Yesterday Julie Bort wrote in the NetworkWorld site an interesting post called “Cisco doesn’t contribute nearly enough to open source”, where she contends that “”[despite its] .. proclaims it responsible for a half percent of the contributions to the Linux kernel (0.5%). In reality, Cisco has been a near non-entity as an open source contributor”. Of course the author is right in its claims – the amount of contributed code to the Linux kernel is substantial but very “vertical”, and specific to the needs of Cisco as a Linux adopter.
Which is a perfectly sensible thing to do.
The problem of “contribution” comes up and again in many discussions on open source and business adoption of OSS; it is, in fact, a source of major debate why participation is low, and what can be done to improve it. It is my opinion that there are some barriers to OSS contribution – namely, internal IPR policies, lack of understanding of how participation can be helpful and not just a gift to competitors, and more. On the other hand, two points should be made to complement this view: the first is that some companies contribute in ways that are difficult to measure, and the second is that sometimes companies have no economic reasons to do so.
Let’s start with the first point, that is a little peeve of me. Companies can provide source code; some do, and that’s a beautiful thing. However, there are many, many alternative ways of collaborating. Aaron Seigo, of KDE fame, in one presentation outlined the many activities that are part of the possible KDE contributions:
- Artwork
- Documentation
- Human-computer interaction
- Marketing
- Quality Assurance
- Software Development
- Translation
In fact, I would say that some aspects like Artwork, Marketing and Quality Assurance may even be more important than pure coding – the problem is measuring such contributions. While the technical work underpinning source code analysis is quite well researched (among others, in our FLOSSMETRICS project) there is NO research on how to measure non-code contributions. And such contributions may be hugely important; one of my favorite example is the release, from Red Hat, of the Liberation fonts – a set of fonts with metrics compatible with the most widely used Microsoft fonts, like Arial. That alone helped substantially in improving the quality and correctness of document editing and visualization on Linux. How to measure that? Ubuntu has substantially contributed in terms of dissemination, in creating a base for many other distributions (including our own Everydesk). How to assess the value of that?
The second aspect is more complex, and is related to the strategy and tactics that a company uses to fulfill its own goals. Let’s take into account what a normal company do: first of all, survive (that is, revenues+reserves>expenses). Not all companies do have such a goal (a company designed to fulfill a task and then end its activities does have the survival goal with a deadline) but most do. This means that a company performs an internal or external activity if it does provide, now or in the future, a probable increase in revenues or reserves, or decreases expenses.
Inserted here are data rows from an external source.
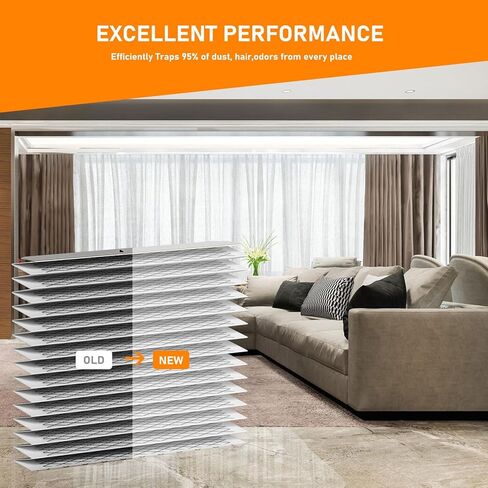 BAYFTFREXM2 FLR06232 Perfect Fit 5‘’ Expandable Air Filter Media Compatible with American Standard and Trane FLR06232 BAYFTFR14M2, BAYFTFR17M2, BAYFTFR21M2, BAYFTFR24M2, 25'' x 5" MERV 13, 2-Pack in Kuwait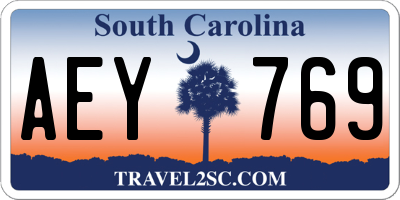 SC license plate AEY769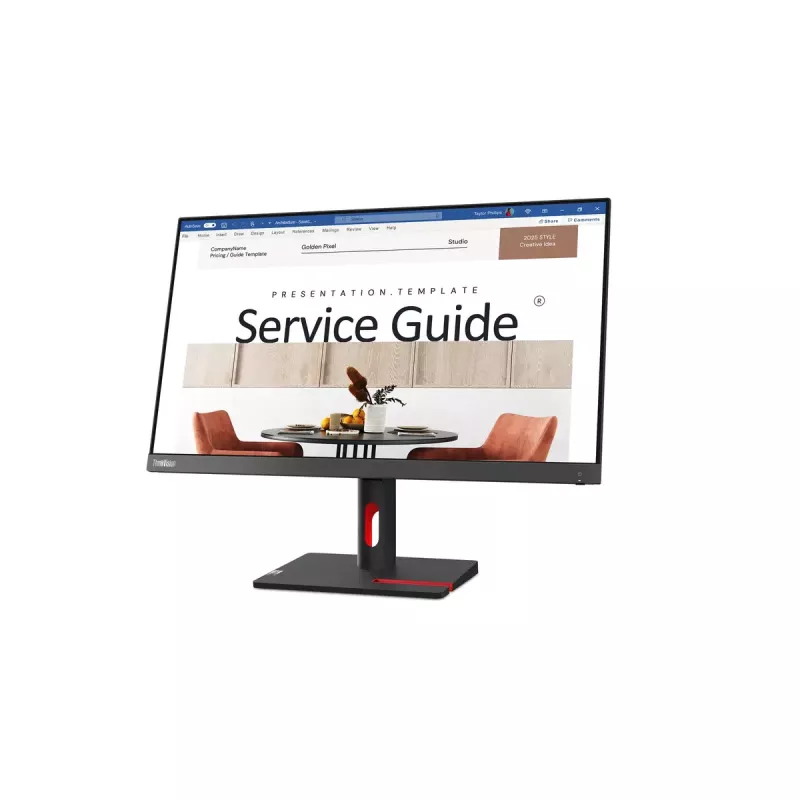 Lenovo ThinkVision S24i-30 kompiuterio monitorius 60,5 cm (23,8 colio) 1920 x 1080 pikselių Full HD LED juodas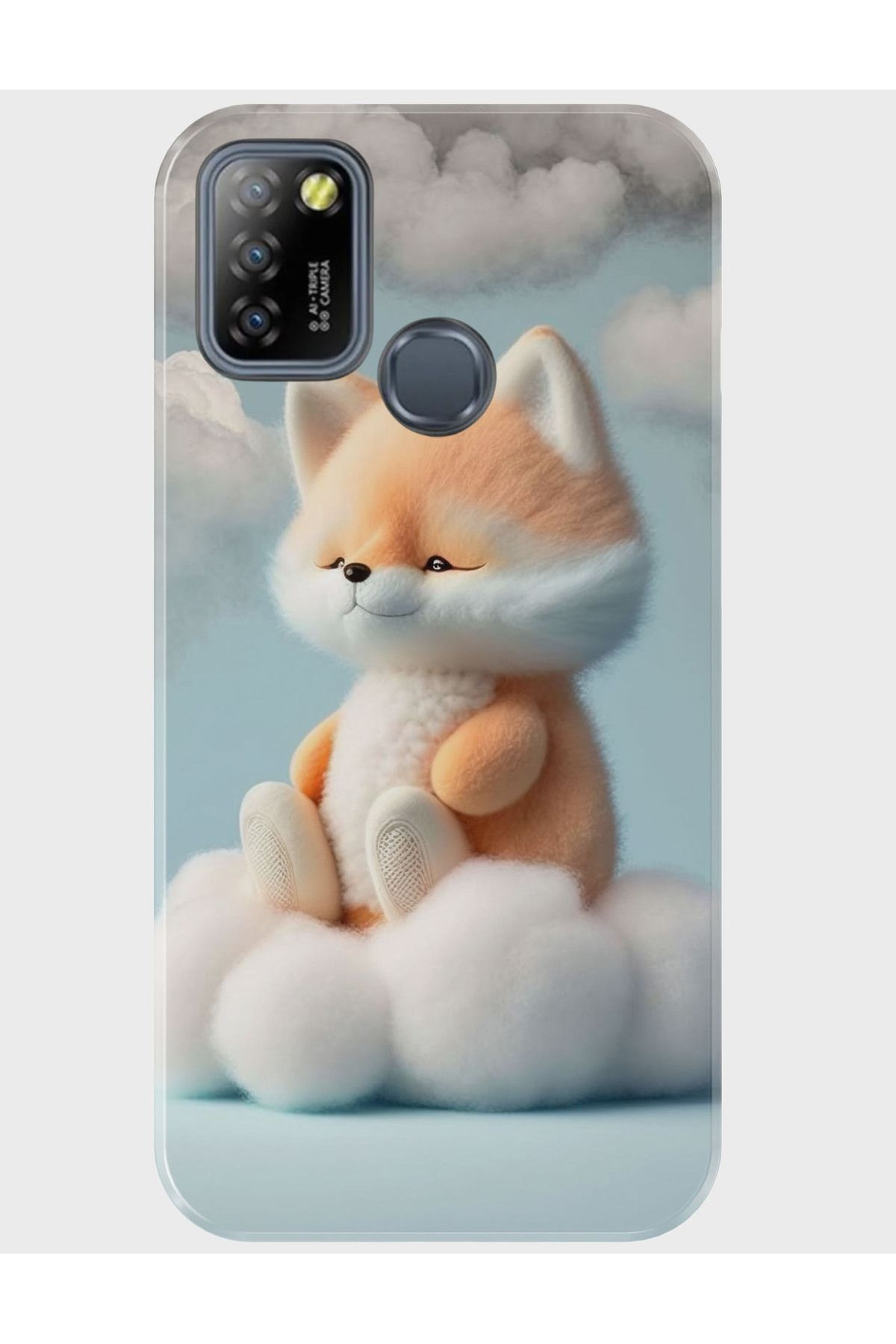 Activist INFINIX Smart 5 Kılıf Desenli Baskılı Silikon - babyfox
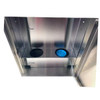 Omnimed Pass-Thru Cabinet Privacy Shield For Cabinets 181785/181786, Stainless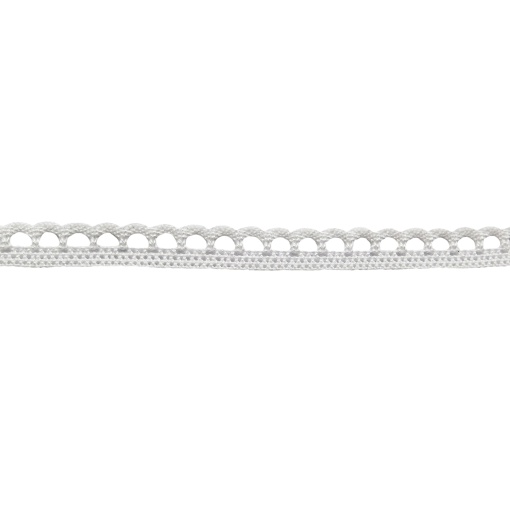Fita de Renda HILOGAR Aziza 7mm Branco (metro)
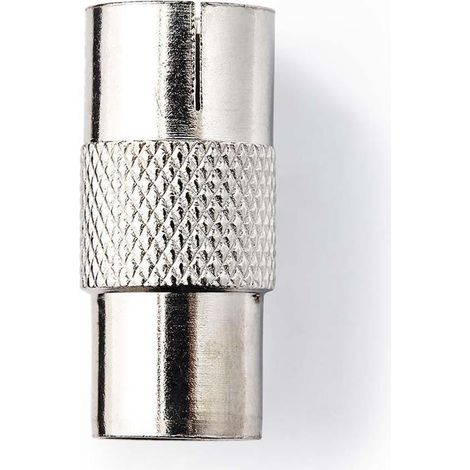 Adaptador de antena y satelite iec coaxial hane iec coaxial hona placas de niquel 75 ohmios rak metales plata 1 plata sobre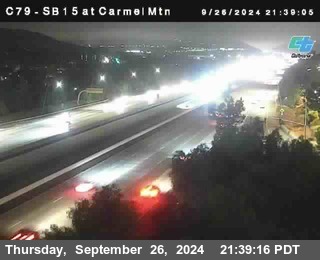 NB 15 at Carmel Mountain Rd.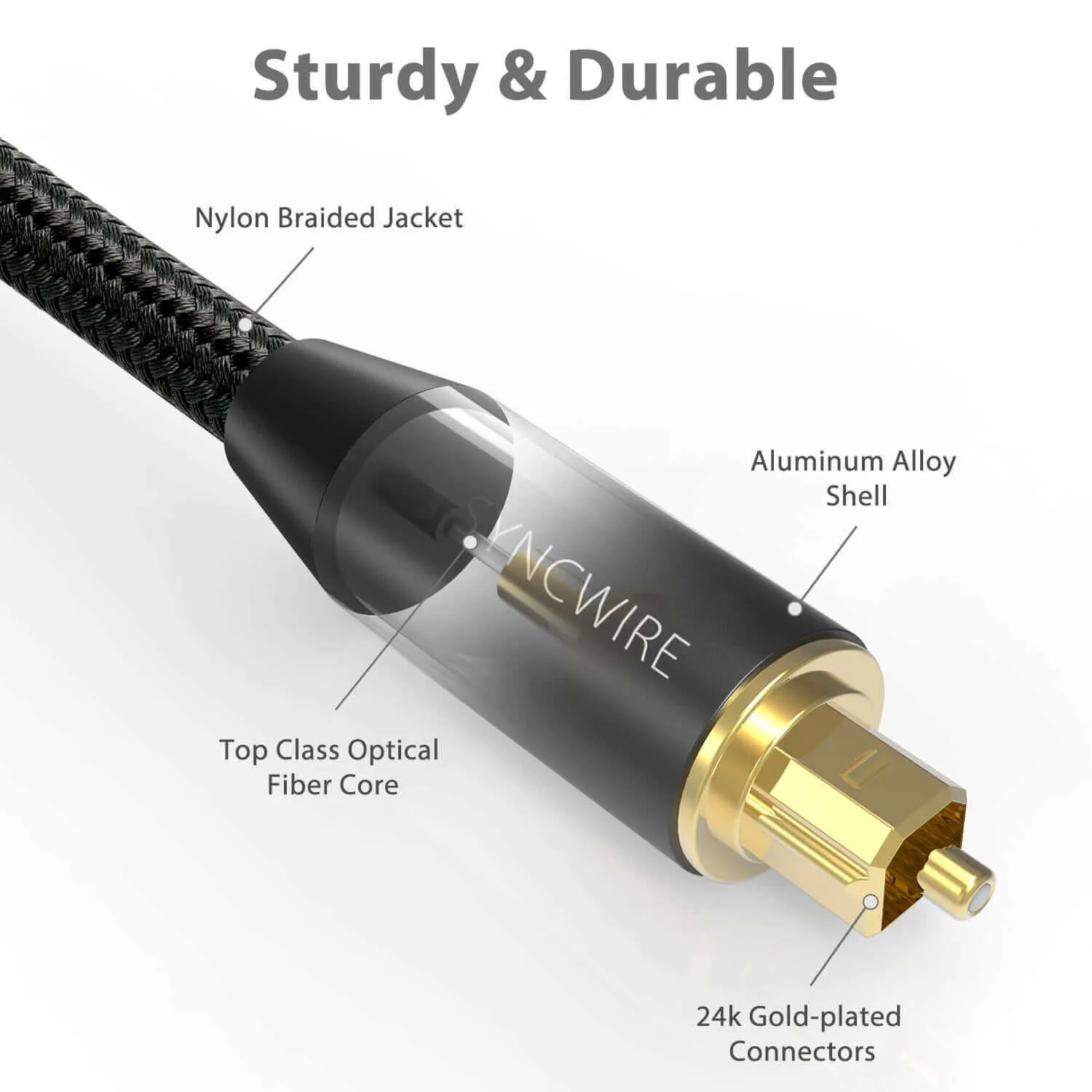 Digital Optical Audio Cable 10ft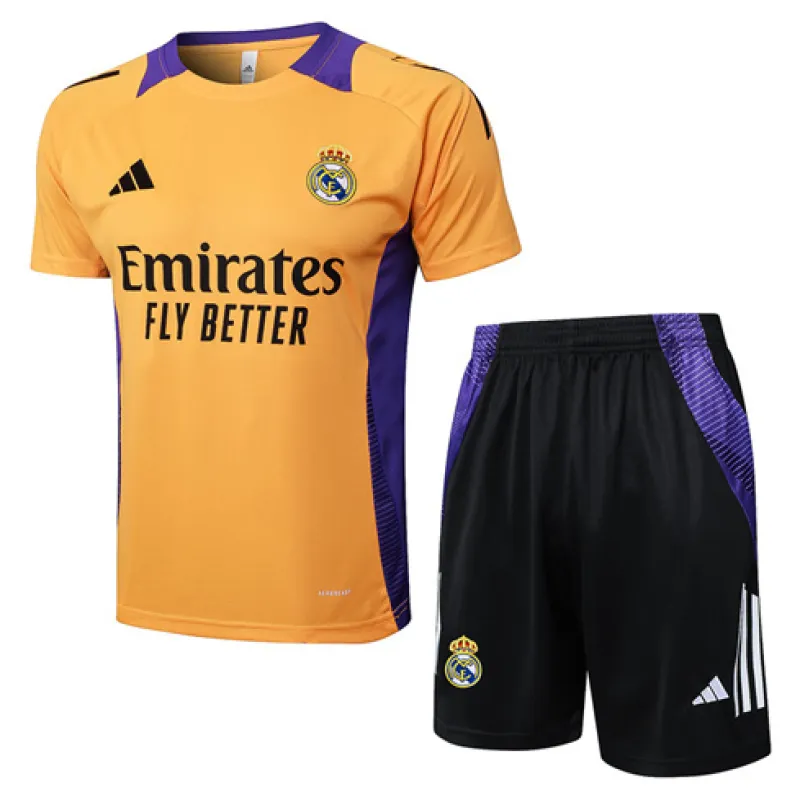 Real Madrid Trainingsjersey + Shorts 2024/25 - Orange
Moral or ethical goals can be easily modeled in this schema using a “ethical asset”, that is a measure of how good we are in a specific target environment; for example, ecological contributions and so on.
So, let’s think about our typical company using OSS for a product. Let’s imagine that the company is doing a tactical adoption, that is it does not have a long term strategy that is based on Open Source. If the cost of contributing something is lower than the cost of doing everything from scratch, then the company will contribute back (or at least, the probability of that action is higher). In absence of a strategy based on open source, there is no need to go further.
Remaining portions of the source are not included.